Recalls architect Kevin Lloyd: ‘This was the first section of Zimbali to be developed and sold. The design code for the estate was influenced by the tropical architecture of the Far East because of the similarity in climate and to a certain extent the building materials. The Zimbali Lodge and Clubhouse drew their inspiration from the Aman boutique hotels in Bali and Thailand, and their influence and impact became the inspiration for the KZN Balinese style.
‘The existing house was entered via a vegetated canopy over a steep curved driveway and was set back from the building line on the seaside width to provide protection from the wind. It did have a deck area under a Milkwood tree, with a porthole view of the breakers and magnificent shoreline in front, but was well hidden in the existing and planted vegetation.’
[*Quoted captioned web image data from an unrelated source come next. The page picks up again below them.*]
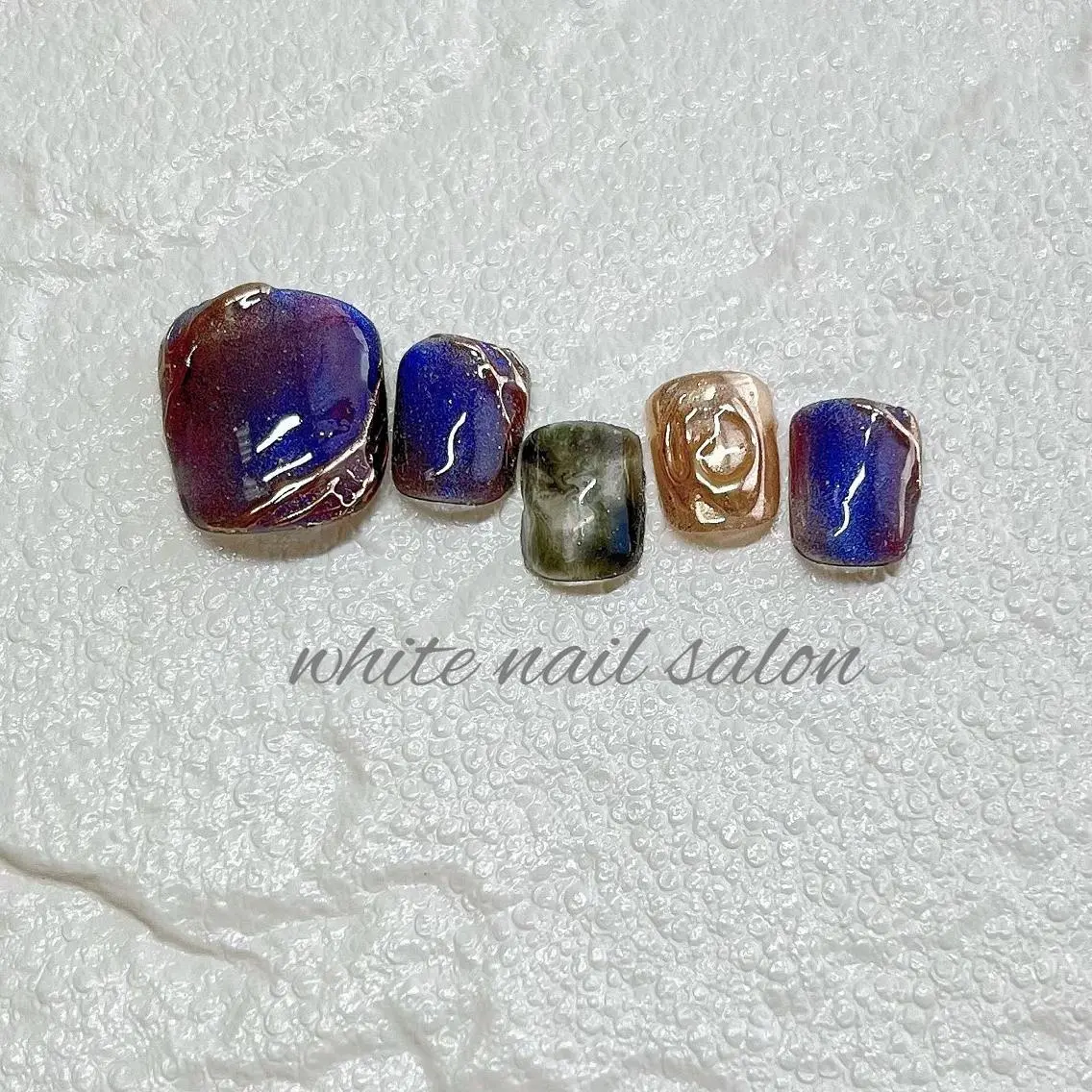 ネイル フットネイル ジェルネイル ハードジェル ラメ(グリッター) 持ち込み フットネイル white nail salonのネイルデザイン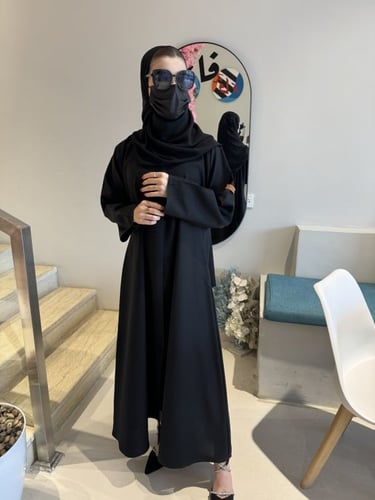 عباية ساده نص كلوش - قماش كريب واقف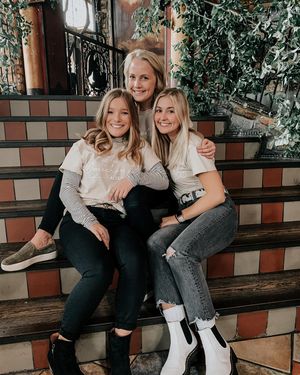 Image post by @umnpanhellenic on Instagram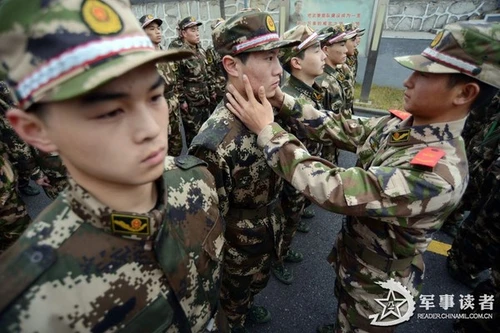 Trung Quốc nới lỏng chính sách con một vì sợ “nước già trước khi giàu”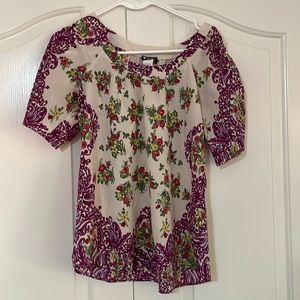 Lily White size M top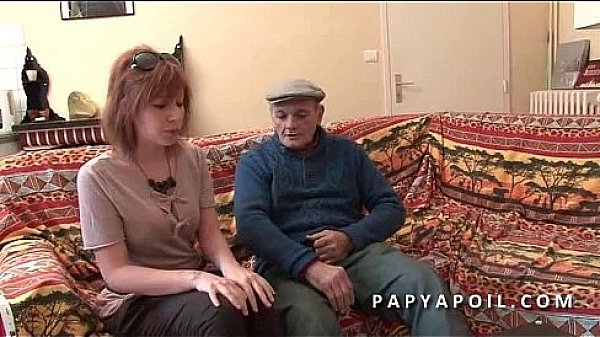 Papy baise une rouquine aux gros pis avant la bonne sodomie par son pote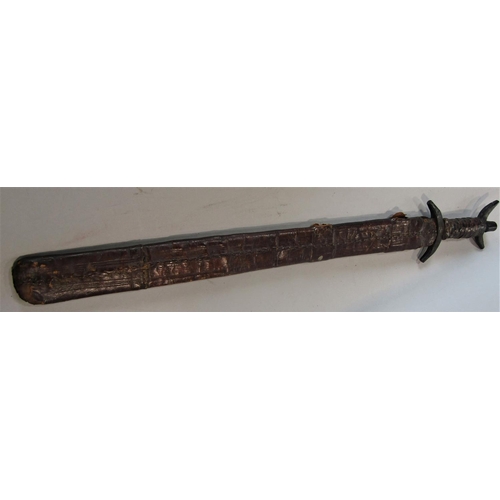 623 - Ethnic sword, the steel blade with etched detail, with leather sheath, 61cm long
The brief has an interesting history. It resulted from the purchase by a family trust to house two families – the original owners and the new purchasers – both couples being senior citizens wanting to downsize. The initial intention was merely to alter the existing house so that each owner lived on a separate level with direct access from their own garage.
This was achieved, but in the interim the original owners moved away and the separate unit was now to be allocated as a holiday unit for the new owners’ children. Says Kevin Lloyd: ‘It became evident that with the change in brief, the house should take better advantage of the seafront location, that the existing house be demolished and a new structure moved forward. The new owners then had a change of heart and, after the design had been approved by the Estate Review Committee, it was decided the house would be for one of the children and their family as a permanent home.
‘The original brief was more conservative in nature, requiring a slightly refreshed Balinese style with fewer dark colours. The new occupant however, altered this signature; wanting lightness, openness and contemporary living. The build now was to house a couple, with children who were to be very much part of the home and how it was to function. Downstairs then became the young adults’ domain and upstairs the parents’ quarters.